La campagne pour le scrutin du 28 novembre a été entachée par des propos agressifs et par des incidents de violence isolés, ainsi que par une utilisation à mauvais escient des ressources de l’État, phénomène qui s’est accentué par rapport au premier tour et a estompé davantage encore la limite entre parti et État, d’après les observateurs. Ceux-ci ajoutent que les médias privés ont continué à se caractériser par un fort clivage et par une couverture peu objective de la campagne, tandis que le radiodiffuseur public n’a pas assuré l’indépendance et l’impartialité éditoriales.

« Les citoyens géorgiens ont fait leur choix. Il appartiendra ensuite aux autorités de traiter sans tarder tous les aspects problématiques mis en évidence dans nos conclusions préliminaires et dans le rapport final sur l’élection », a déclaré Kristian Vigenin, coordonnateur spécial et chef de la mission d’observation à court terme de l’OSCE. « Je pense que nous poursuivons le même but : améliorer le processus électoral, et ainsi renforcer la démocratie dans le pays. J’espère que maintenant, après des mois de campagne marqués par des tensions et par un clivage de la société, la nouvelle Présidente mettra tout en œuvre pour garantir l’unité de la nation ».

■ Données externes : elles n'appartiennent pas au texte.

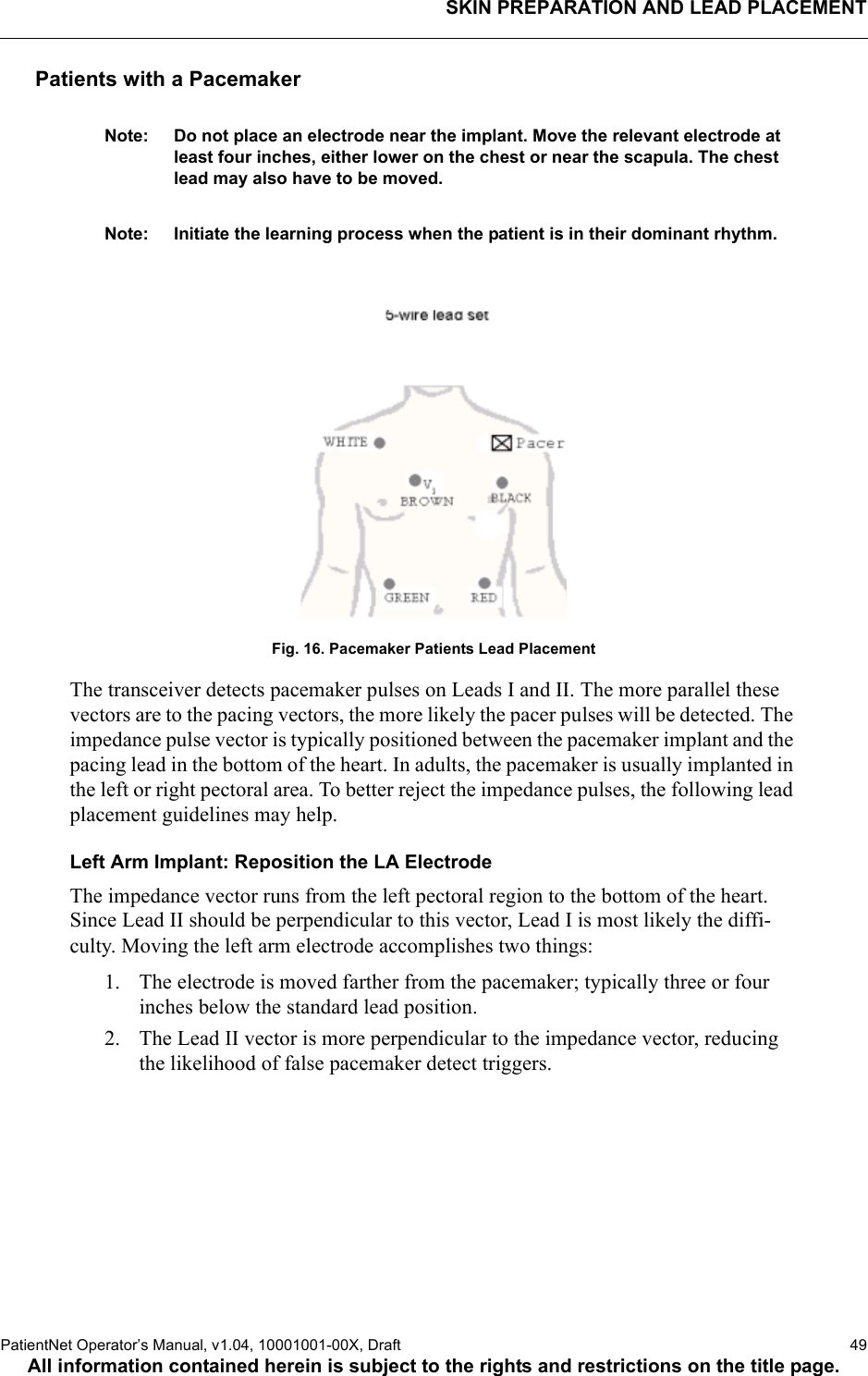 SKIN PREPARATION AND LEAD PLACEMENTPatientNet Operator’s Manual, v1.04, 10001001-00X, Draft   49All information contained herein is subject to the rights and restrictions on the title page.Patients with a PacemakerNote: Do not place an electrode near the implant. Move the relevant electrode at least four inches, either lower on the chest or near the scapula. The chest lead may also have to be moved.Note: Initiate the learning process when the patient is in their dominant rhythm.Fig. 16. Pacemaker Patients Lead PlacementThe transceiver detects pacemaker pulses on Leads I and II. The more parallel these vectors are to the pacing vectors, the more likely the pacer pulses will be detected. The impedance pulse vector is typically positioned between the pacemaker implant and the pacing lead in the bottom of the heart. In adults, the pacemaker is usually implanted in the left or right pectoral area. To better reject the impedance pulses, the following lead placement guidelines may help.Left Arm Implant: Reposition the LA ElectrodeThe impedance vector runs from the left pectoral region to the bottom of the heart. Since Lead II should be perpendicular to this vector, Lead I is most likely the diffi-culty. Moving the left arm electrode accomplishes two things:1. The electrode is moved farther from the pacemaker; typically three or four inches below the standard lead position.2. The Lead II vector is more perpendicular to the impedance vector, reducing the likelihood of false pacemaker detect triggers.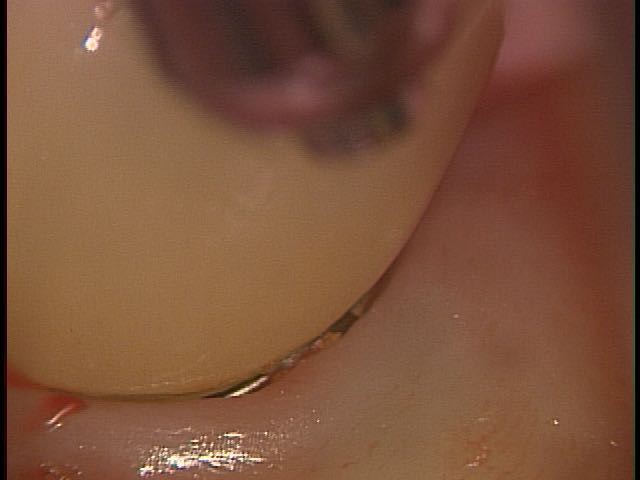 implant1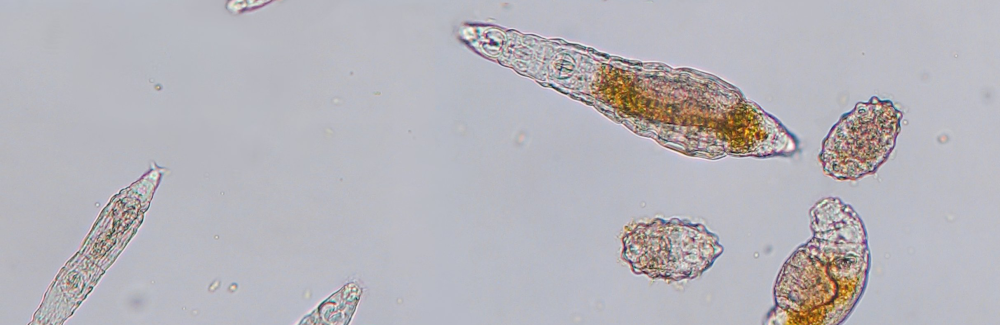 Bdelloid rotifers on a gray background. These rotifers are about a hair's breadth in size. They lay large oval eggs that will hatch into genetic copies of their mother, without needing sex or fertilisation. 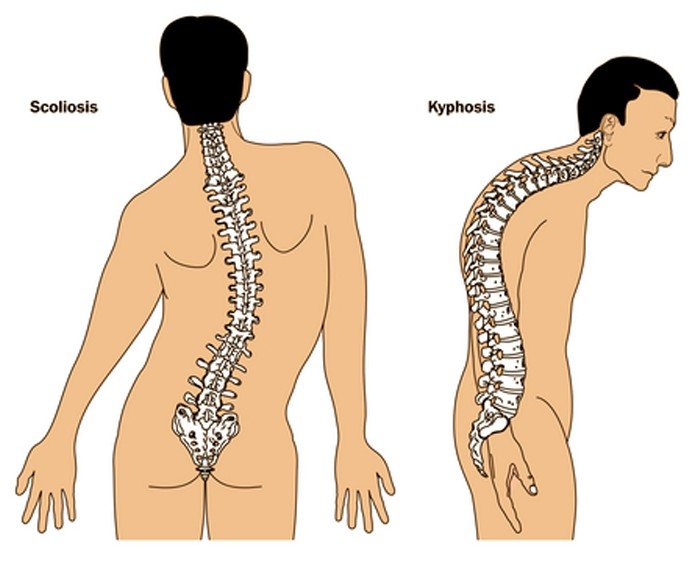 What Is Kyphosis Mean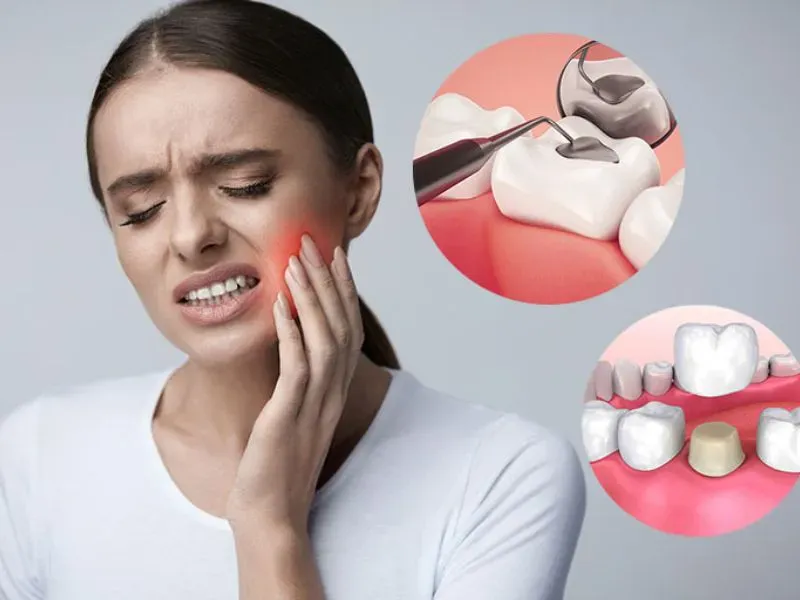 Nên bọc răng sứ hay trám răng khi sâu răng?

Ce second tour a été organisé car aucun candidat n’avait recueilli plus de 50 pour cent des suffrages exprimés lors du premier tour, le 28 octobre. La décision de la Commission électorale centrale (CEC) de fixer la date du second tour au 28 novembre – un mercredi – a provoqué une controverse, suscité des objections de la part des partis d’opposition et conduit la société civile à lancer des appels à revenir sur ce choix. En choisissant la date du scrutin, la CEC a certes agi dans le cadre de ses prérogatives, mais les circonstances ayant entouré la décision ont entamé la confiance dans l’institution. Par ailleurs, l’élection a été bien gérée et la CEC a organisé des formations pour remédier aux défaillances procédurales constatées lors du premier tour.

Les activités de campagne se sont intensifiées à l’approche du second tour et plusieurs manifestations, contre l’opposition ou contre le gouvernement, organisées avant le scrutin ont attisé les tensions entre les deux camps. Les autorités n’ont rien fait pour limiter les propos dénigrants, virulents et parfois agressifs. À l’utilisation à mauvais escient de ressources de l’État s’est ajoutée l’annonce de plusieurs mesures sociales et financières, en particulier un allègement de la dette de 600 000 personnes, financé par une institution privée liée au dirigeant du parti au pouvoir. Ces incidents et l’implication dans la campagne de hauts fonctionnaires membres du parti au pouvoir ont estompé davantage encore la séparation entre État et parti, selon la déclaration des observateurs.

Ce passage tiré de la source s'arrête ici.